The first time
I stepped on stage, it was a Christmas show. I was in second grade. I don’t
remember the name of the show, but the basic premise was that there was a
Santa’s helper, an elf, I assume. This elf boy was always getting in trouble,
not because he was bad, just because he messed things up. The last mess-up is
when he feeds the reindeer candy. The reindeer all get fat and can no longer
fly. I was a reindeer. I was Prancer. The elf boy then redeems himself by
inventing a reducing machine. He puts each of the reindeer through it and thus
is able to save Christmas.
I don’t
remember the rehearsal process. It couldn’t have been much for me; I didn’t
have any lines. But I remember I was called to the office because somebody
decided I would be the model for the reindeer costume. I was standing there in
a side office being fitted and pinned, when someone else was called into the
office. This boy was not being fitted for a costume. He was there because he
was in trouble. I don’t remember what it was this boy was supposed to have
done, but I remember the principal talking to him. I could hear everything. The
principal got out a big wooden paddle and explained to the boy what would
happen to him if he did it again. The boy who was normally calm and cool, and was
reduced to tears. I felt pretty low myself, like I wished to be anywhere other
than here. At least he didn’t actually get paddled. The costume person kept
working on me as if nothing had happened. I could do nothing but stand there
and be sewn into a reindeer suit. It kind of put a damper on the whole
Christmas play thing for me. But the play must go on.
We had a dress
rehearsal/performance for our fellow school kids, and then an evening
performance for parents and anybody else. When the other reindeer and myself
were supposed to be fat, somebody inflated balloons in our costume bellies. The balloons
were tied off with an ingenious string device that we could simply pull and
deflate the balloons while we were in the “reducing machine” (a big box). We
discovered during the early performance for the school kids that the ingenious
string device didn’t work very well. Most of the kids, including me, could not
get their balloons to deflate. Our teacher, Mrs. Jones, ran across the stage
(to great laughter and glee from the student audience) and into the machine/box
to help us deflate our balloons. The audience may have been laughing, but Mrs.

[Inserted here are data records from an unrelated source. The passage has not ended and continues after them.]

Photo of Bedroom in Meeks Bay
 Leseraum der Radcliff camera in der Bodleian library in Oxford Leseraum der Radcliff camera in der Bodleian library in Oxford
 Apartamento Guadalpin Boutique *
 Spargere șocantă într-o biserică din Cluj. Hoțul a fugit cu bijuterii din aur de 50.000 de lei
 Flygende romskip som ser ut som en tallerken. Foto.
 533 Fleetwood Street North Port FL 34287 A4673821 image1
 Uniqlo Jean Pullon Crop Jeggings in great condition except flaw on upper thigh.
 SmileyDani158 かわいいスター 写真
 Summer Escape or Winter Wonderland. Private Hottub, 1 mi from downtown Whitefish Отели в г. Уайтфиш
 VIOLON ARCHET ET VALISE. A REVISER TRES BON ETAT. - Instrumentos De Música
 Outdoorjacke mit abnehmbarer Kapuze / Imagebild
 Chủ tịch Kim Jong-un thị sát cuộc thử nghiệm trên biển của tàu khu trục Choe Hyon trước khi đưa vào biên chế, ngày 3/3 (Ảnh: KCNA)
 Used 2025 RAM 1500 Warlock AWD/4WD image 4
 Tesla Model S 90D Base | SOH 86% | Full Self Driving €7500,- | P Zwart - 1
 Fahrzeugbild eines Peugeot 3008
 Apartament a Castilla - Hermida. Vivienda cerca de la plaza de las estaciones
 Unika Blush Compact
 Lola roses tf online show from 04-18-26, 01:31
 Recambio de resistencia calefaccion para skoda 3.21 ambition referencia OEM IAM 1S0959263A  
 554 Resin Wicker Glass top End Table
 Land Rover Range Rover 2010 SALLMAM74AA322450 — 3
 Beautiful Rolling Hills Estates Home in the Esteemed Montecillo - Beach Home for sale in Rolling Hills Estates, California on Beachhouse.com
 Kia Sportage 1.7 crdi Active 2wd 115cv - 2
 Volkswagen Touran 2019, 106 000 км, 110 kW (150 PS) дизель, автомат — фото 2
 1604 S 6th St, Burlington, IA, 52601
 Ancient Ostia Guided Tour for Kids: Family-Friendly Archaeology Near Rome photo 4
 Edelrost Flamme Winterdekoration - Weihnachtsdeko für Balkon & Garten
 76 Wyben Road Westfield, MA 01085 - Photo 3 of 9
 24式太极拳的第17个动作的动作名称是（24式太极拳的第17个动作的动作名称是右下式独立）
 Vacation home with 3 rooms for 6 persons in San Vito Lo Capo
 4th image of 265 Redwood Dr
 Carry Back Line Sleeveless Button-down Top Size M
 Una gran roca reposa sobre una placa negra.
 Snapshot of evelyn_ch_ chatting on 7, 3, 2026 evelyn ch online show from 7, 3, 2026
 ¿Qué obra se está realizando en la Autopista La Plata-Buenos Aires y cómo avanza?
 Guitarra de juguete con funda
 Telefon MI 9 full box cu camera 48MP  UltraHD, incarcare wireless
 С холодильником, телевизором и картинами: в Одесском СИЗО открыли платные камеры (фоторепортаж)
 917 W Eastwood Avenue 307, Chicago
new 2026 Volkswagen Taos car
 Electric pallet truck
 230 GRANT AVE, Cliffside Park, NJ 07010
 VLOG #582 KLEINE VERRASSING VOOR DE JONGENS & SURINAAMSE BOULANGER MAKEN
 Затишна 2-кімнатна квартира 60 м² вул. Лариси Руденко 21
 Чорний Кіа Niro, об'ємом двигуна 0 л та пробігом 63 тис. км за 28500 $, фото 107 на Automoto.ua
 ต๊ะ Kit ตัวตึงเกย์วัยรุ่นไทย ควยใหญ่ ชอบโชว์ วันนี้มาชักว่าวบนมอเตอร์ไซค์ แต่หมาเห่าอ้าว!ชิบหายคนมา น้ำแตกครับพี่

Jones was not amused. Maybe they should have tested this device first, but what
do I know?
A new plan was
hastily devised for the evening performance. Inside the reducing machine would
be a pin. We would simply pop the balloons. This caused me a bit of anxiety as my
seven-year-old self had a fear of popping balloons, let alone a balloon popping
right next to my body. But then, everyone else was doing it so I did it. I got
through it. This time we got laughs when the audience heard the balloons
popping. Come to think of it, they laughed when they saw us all as fat reindeer
too. I suspect we looked more like pregnant reindeer.
I guess the
show was a success. My babysitter, a seventy-year-old German woman, saw the
show and said I was a brilliant Prancer. So, I must have been.